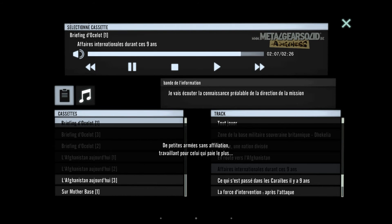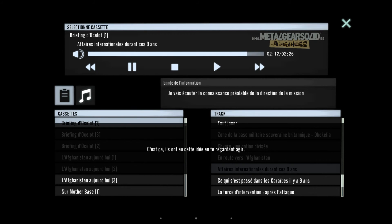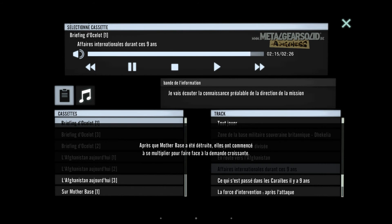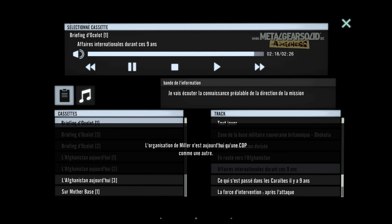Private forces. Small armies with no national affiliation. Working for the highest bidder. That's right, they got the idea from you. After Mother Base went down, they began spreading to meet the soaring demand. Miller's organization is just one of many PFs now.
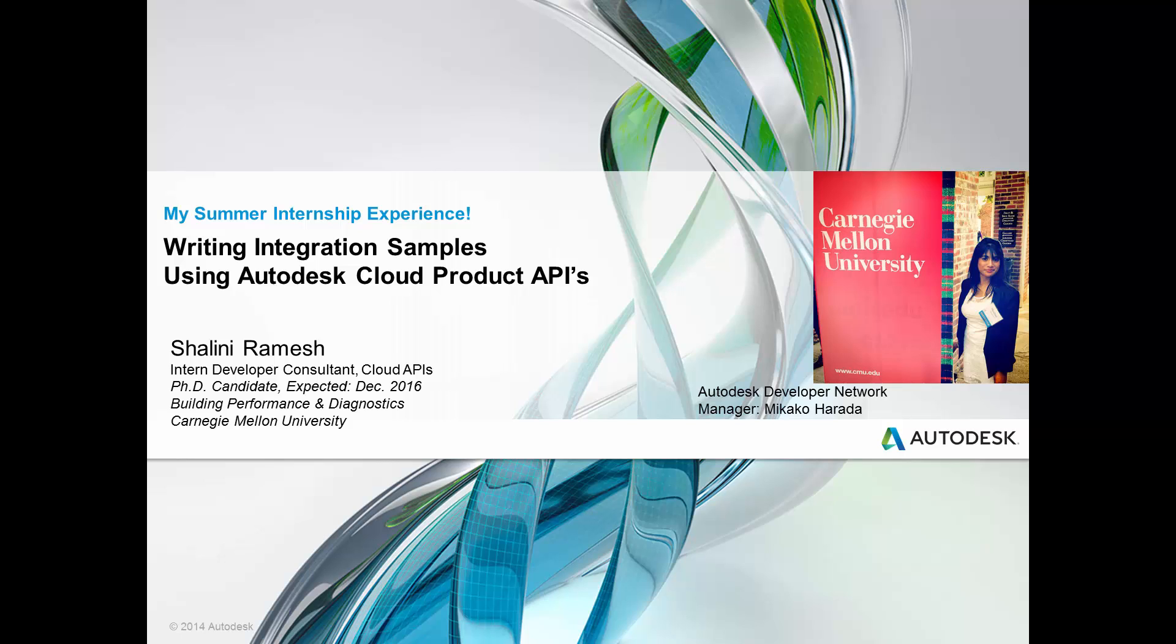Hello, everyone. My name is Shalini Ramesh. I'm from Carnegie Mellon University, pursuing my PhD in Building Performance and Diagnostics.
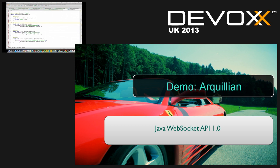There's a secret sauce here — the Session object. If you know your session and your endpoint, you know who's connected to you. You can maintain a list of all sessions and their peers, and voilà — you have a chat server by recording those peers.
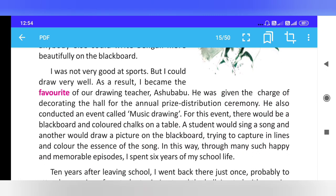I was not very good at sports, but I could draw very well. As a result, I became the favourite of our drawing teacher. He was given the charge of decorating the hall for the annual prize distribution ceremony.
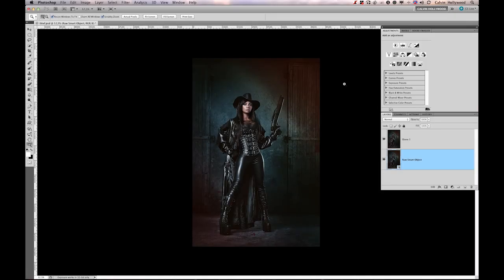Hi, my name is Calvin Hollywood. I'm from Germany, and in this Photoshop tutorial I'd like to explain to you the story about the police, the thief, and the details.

────────────────────────────────────────

▸ **What you will do**: Set down exactly the lines running from the beginning of the entries above to the line that contains "I was not very", including both, and leave out pictures.

▸ **Task output**:
Private forces. Small armies with no national affiliation. Working for the highest bidder. That's right, they got the idea from you. After Mother Base went down, they began spreading to meet the soaring demand. Miller's organization is just one of many PFs now.
Hello, everyone. My name is Shalini Ramesh. I'm from Carnegie Mellon University, pursuing my PhD in Building Performance and Diagnostics.
There's a secret sauce here — the Session object. If you know your session and your endpoint, you know who's connected to you. You can maintain a list of all sessions and their peers, and voilà — you have a chat server by recording those peers.
I was not very good at sports, but I could draw very well. As a result, I became the favourite of our drawing teacher. He was given the charge of decorating the hall for the annual prize distribution ceremony.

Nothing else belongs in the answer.